Wood is in Kabul for a single reason - to execute a similar plan in
Afghanistan. Poppy production, once held in check by the Taliban
government, is exploding - up 60 per cent in 2006. Poppies yield 10
times the value of wheat, so it is unsurprising that about 10 per
cent of an otherwise impoverished Afghan population partakes in the
illicit poppy harvest. It earns them upwards of $3 billion (U.S.) a
year, or roughly 65 per cent of Afghan GDP.

The short-term economic costs and long-term development and health
impacts of fumigation will be borne by those whose livelihoods are
both directly and indirectly connected to poppy cultivation.

Spraying could easily cause public opinion to turn against the Karzai
administration and NATO forces, further compromising the mission and
increasing the danger to Canadian soldiers.

Given the increased risks this policy poses to both our soldiers and
the overall mission, the government's silence is unconscionable.
Others have not been so quiet. British Prime Minister Gordon Brown
recently observed that there is little international support for
fumigation. He announced an alternative policy to wean farmers off of
opium, one that includes an ambitious plan to top up payments for
legal crops, such as wheat.

Such policies, however, are only part of a long-term project. Success
will require a holistic view, one that understands the connections
between the consumption of illicit drugs in places like Vancouver and
their cultivation in Afghanistan. Specifically, this means tackling
the demand for opiates. Although 90 per cent of world heroin comes
from Afghanistan, the vast majority is consumed in western countries.

Blaming Afghan farmers for the problem is as hypocritical as it is ineffective.

Reducing the cultivation of poppies in Afghanistan begins not on the
streets of Kandahar, but on the streets of Vancouver's Downtown Eastside.

Fortunately, such policies exist. Insite, Vancouver's supervised
injection site, offers a real first step toward reducing poppy
cultivation. This small storefront provides drug users with a
sanitary and safe place to inject in the presence of registered
nurses. The result: 21 peer-reviewed studies document how Insite
diminishes public drug use, reduces the spread of HIV and increases
the number of users who enter detox programs.

But Insite does more than get drug use off the street. It is a portal
into the health-care system for addicts who are too often shut out.
Drug users who visit Insite are an astounding 33 per cent more likely
to enlist in a detoxification program. Indeed, Insite has added a
second facility, called Onsite, that capitalizes on this success by
allowing drug users to immediately access detox and drug treatment
services on demand.

Sadly, the Harper government remains ideologically opposed to Insite.
It is unclear if the federal government possesses the legal authority
to close the site but there is significant concern it will attempt to
do so within six months.

The Conservatives should be looking to scale Insite nationally, not
contemplating its closing. A national network of injection sites
could dramatically reduce heroin use in Canada by channelling more
drug users into drug treatment programs. Diminishing the demand for
heroin would in turn devalue the poppies from which it is derived.
Changing this economic equation is both safer and more effective than
fumigation if the goal is shifting Afghan production from poppies to
legal crops. Admittedly, Canada's share of the global consumption of
heroin is relatively small, but our success could provide a powerful
and effective example to the international community.
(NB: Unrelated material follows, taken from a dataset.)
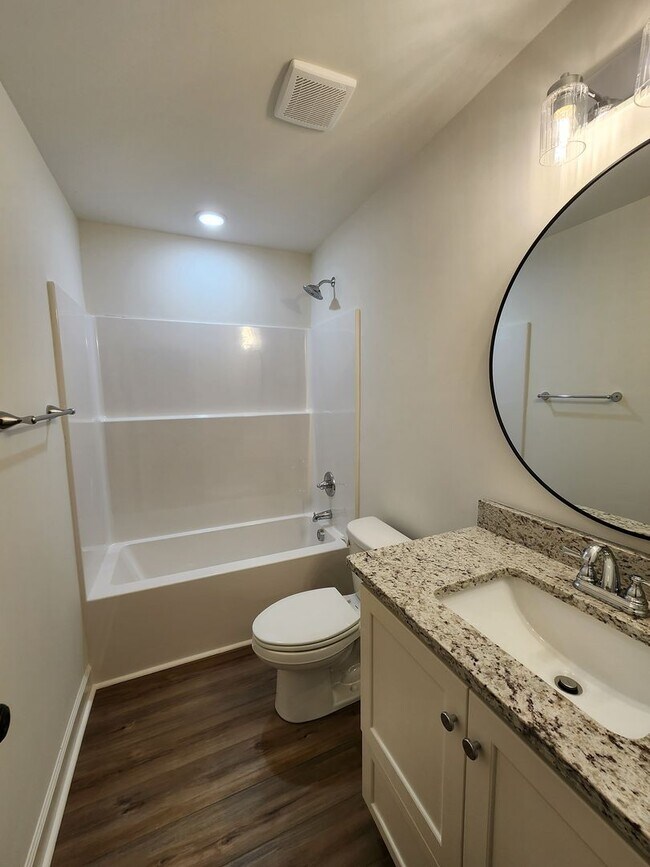 Building Photo - !!New Construction!! NEAR Pinegrove Elementary/Middle - 4BR Home with Granite Countertops, LVP Fl...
To many Canadians, Afghanistan is a world away. But the lives of drug
users outside Vancouver's Carnegie Centre and those of our soldiers
in Kandahar are bound together - linked by the international opium
trade. What we do in Afghanistan shapes events in Vancouver's
Downtown Eastside, and vice versa. Canada's soldiers, drug users and
ordinary citizens deserve a government that recognizes this reality.